Are Electric Scooters Legal in Ireland?
Electric scooters which require human power to get them started, like the Xiaomi M365 does, are not classified as mechanically propelled vehicles. As a result, they are perfectly legal to use just like a bicycle and do not require tax or insurance. You can read more about electric scooters and the law in Ireland by reading my other article.
Things I Love About the Xiaomi M365
To get the ball rolling, I’m going to talk about why I love the Xiaomi M365 electric scooter.
I’m Not Clammy Arriving in Work
A very practical one to start. Kicking off your day with a 35-minute walk to the office means you start your day feeling a little clammy. Don’t get me wrong – I appreciate the walk and know that it’s keeping me healthy, but it’s not nice to sit in the office after that walk feeling meh. Using an electric scooter means you stroll into the office, fresh as a daisy. For me, I also arrive with a smile on my face. Which brings me to my next point...
It’s. So. Much. Fun!
It’s Monday morning. The weekend is over. You have to go to work. While I’m sure the novelty could wear off, right now I look forward to jumping on my scooter and zipping my way to the office. There’s just something very fun about the Xiaomi scooter. It’s not rip-roaringly fast and I definitely don’t think it’s any kind of cool. But all of that doesn’t stop it putting a smile on my face.
While it’s no Tesla…
With the Xiaomi M365, I’ve turned a 35-minute walk into a 13-minute scoot. My goal is to get sub-ten minutes.
It’s So Simple
While I’m quick to point out the M365 is far from a toy and requires a lot of concentration to take a spin on, the beauty of it all is its simplicity. I’ll come onto this in a second, but maybe the lack of a display is a good thing?
You jump on the scooter, give it two quick pushes, lash the throttle down and you’re flying along. It’s really comfy to stand on, more comfy than sitting on any bike seat and doesn’t take a genius to operate – I can attest to that.
It Makes Dublin Very Small
I live in Dublin City Center and I have a car. The car is great for when you need to collection someone from the airport or if you want to fly out to somewhere like Liffey Valley and do a spot of shopping. But inner-city public transport is only ok. For example, if I wanted to walk to the office, it takes me 35 minutes. To get the Luas, it also takes 35 minutes, depending on how long I have to wait for a tram to come along.
Having my own scooter negates this all together and opens up other parts of the city which aren’t connected with public transport at all. I know many people will read that and be like – “walk you lazy bastard”, but having a scooter just changes your mentality to nipping across town.

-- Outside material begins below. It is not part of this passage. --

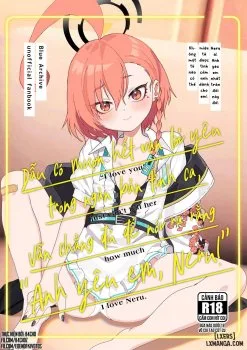 Bìa truyện Dẫu Có Mượn Hết Vạn Lời Yêu Trong Ngàn Bản Tình Ca, Vẫn Chẳng Đủ Để Nói Ra Rằng “Anh Yêu Em!”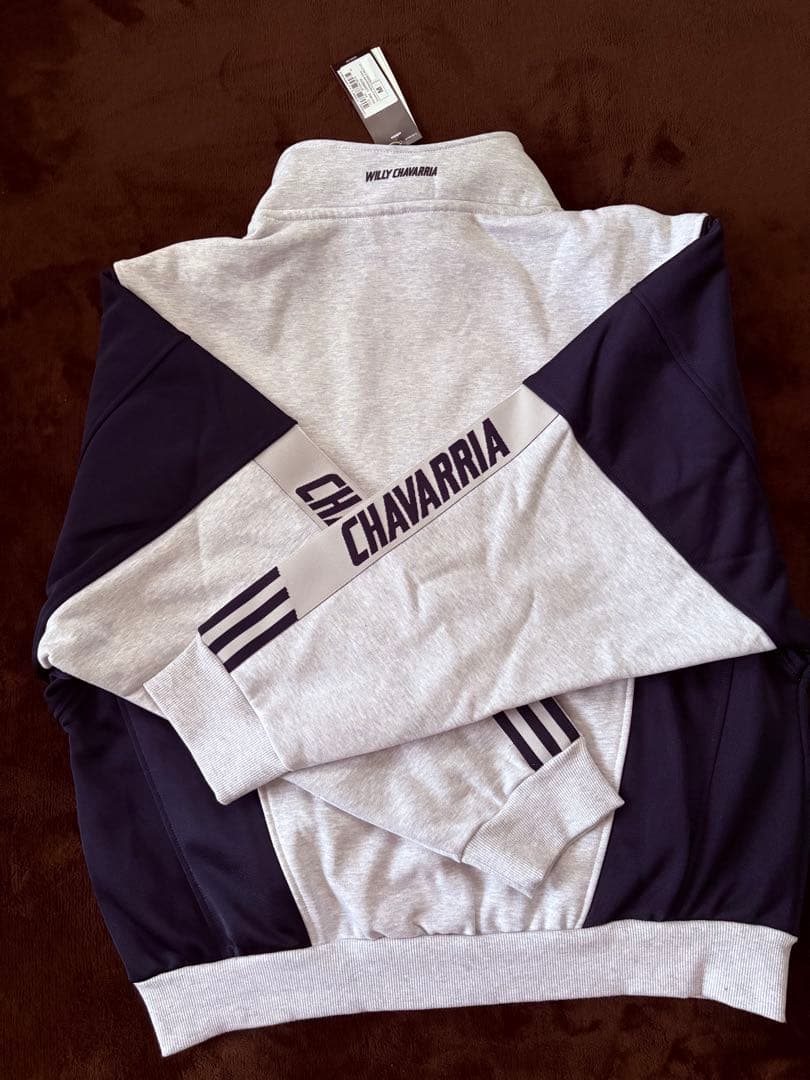 adidas Originals × WILLY CHAVARRIA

It’s Not Really A Heard Turner
I guess this isn’t going to be a positive for some people, but the Xiaomi M365, I think, is the most popular electric mode of personal transport in Dublin. I pass another scooter nearly every day if not two or three. After just a few days, I’ve noticed people say “there’s that scooter I was on about”. That’s the most common thing I overhear.
Electric scooters are almost commonplace already. Most people still haven’t tried one though, so if you do want to grab the attention of your friends, offer them a shot.
Noone will turn it down.
Thinks I Dislike About the Xiaomi M365
As much as I adore the Xiaomi M365 and, dare I say it’s my favourite gadget purchase in a long long time, there are a few frustrations I can’t ignore.
Telling people where you’re going is so important when you travel. Regardless of whether you’re a cyclist or a motorist, indicators and hand signals are crucial. I’ve noticed that hand signals are bloody hard to nail when you’re on this scooter. I’d imagine it’s like this on all scooters. Right turns have the added difficulty of you needing to take your right hand off the throttle.
I’m looking into a few solutions to this problem, from testing out the onboard cruise control to a helmet with indicators built in. There’s no shortage of Xiaomi M365 accessories out there, so watch this space as I make my way through the best.
It’s a Bumpy Ride
The M365 doesn’t offer any kind of suspension or shock absorbers. What you hit, you feel. In the dark, this is particularly noticeable as it becomes harder to avoid bumps and divots that regularly appear in Irish roads. I’ve already hit a hole so hard the bell on my handlebars dinged.
How I Am Supposed To Lock This, Xiaomi?
I’m being a little facetious here because there is one easy way to lock the M365. Using a U-Lock through the back wheel, you can secure your scooter to the usual bike stands. Still, I just don’t feel this is very secure and technically you can remove the back wheel somewhat easily.
I’m looking into a few other options to make locking my scooter a little easier and more secure, but I really hope Xiaomi didn’t think the software lock would stop some lad on the Quays making off with me scooter.